__Exercise input__
________________

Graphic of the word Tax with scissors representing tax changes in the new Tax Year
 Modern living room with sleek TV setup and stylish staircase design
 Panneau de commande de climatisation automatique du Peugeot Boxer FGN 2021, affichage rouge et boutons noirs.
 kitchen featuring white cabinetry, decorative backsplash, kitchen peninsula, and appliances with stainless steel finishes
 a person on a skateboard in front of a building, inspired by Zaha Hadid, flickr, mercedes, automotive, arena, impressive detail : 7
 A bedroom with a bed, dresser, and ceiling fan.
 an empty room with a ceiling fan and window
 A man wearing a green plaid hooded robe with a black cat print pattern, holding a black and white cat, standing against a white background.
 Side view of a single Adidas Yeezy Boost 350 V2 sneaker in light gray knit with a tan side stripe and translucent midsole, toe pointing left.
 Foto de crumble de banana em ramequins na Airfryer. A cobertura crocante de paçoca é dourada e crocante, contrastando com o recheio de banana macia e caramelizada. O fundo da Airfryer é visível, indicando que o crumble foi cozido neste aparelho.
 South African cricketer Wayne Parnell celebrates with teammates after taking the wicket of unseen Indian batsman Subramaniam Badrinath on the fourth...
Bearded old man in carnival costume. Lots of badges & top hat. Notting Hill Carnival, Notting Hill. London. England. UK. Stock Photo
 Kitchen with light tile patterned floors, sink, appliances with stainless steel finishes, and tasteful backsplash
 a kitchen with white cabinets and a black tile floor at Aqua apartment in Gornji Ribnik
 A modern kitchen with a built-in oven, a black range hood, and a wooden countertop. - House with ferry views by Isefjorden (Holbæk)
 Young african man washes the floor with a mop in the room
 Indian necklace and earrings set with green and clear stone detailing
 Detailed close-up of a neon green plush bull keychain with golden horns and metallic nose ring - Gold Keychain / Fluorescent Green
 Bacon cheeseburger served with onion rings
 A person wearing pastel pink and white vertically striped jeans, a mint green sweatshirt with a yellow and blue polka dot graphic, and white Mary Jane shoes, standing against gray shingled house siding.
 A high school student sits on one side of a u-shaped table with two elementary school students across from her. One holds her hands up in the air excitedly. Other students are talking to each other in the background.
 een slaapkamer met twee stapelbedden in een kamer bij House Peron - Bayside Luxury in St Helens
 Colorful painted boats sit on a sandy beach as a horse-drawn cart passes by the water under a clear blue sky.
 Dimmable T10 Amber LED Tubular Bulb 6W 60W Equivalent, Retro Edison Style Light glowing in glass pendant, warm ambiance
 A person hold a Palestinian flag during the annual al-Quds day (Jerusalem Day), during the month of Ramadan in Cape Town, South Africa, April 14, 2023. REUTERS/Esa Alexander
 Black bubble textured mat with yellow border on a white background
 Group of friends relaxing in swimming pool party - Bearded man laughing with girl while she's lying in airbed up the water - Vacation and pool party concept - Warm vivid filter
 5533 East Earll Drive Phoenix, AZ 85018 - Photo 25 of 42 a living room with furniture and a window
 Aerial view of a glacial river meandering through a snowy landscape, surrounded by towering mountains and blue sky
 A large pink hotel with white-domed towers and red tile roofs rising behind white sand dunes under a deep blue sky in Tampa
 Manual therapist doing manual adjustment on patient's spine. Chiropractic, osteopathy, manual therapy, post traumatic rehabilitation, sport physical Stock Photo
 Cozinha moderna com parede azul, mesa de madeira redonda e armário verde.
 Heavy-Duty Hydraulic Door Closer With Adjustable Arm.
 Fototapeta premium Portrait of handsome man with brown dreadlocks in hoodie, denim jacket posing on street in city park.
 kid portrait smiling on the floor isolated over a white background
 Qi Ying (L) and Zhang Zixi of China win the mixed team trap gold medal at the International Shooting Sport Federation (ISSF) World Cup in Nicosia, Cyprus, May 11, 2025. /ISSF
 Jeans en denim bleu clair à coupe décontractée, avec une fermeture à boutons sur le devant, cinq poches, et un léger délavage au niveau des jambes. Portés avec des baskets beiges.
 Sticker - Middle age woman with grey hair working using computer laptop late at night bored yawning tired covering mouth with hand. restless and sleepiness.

________________

__Task details__
Restate word for word the entries above from the line with "Bearded old man" through the line with "a kitchen with", inclusive, leaving out everything else.

__Answer box__
Bearded old man in carnival costume. Lots of badges & top hat. Notting Hill Carnival, Notting Hill. London. England. UK. Stock Photo
 Kitchen with light tile patterned floors, sink, appliances with stainless steel finishes, and tasteful backsplash
 a kitchen with white cabinets and a black tile floor at Aqua apartment in Gornji Ribnik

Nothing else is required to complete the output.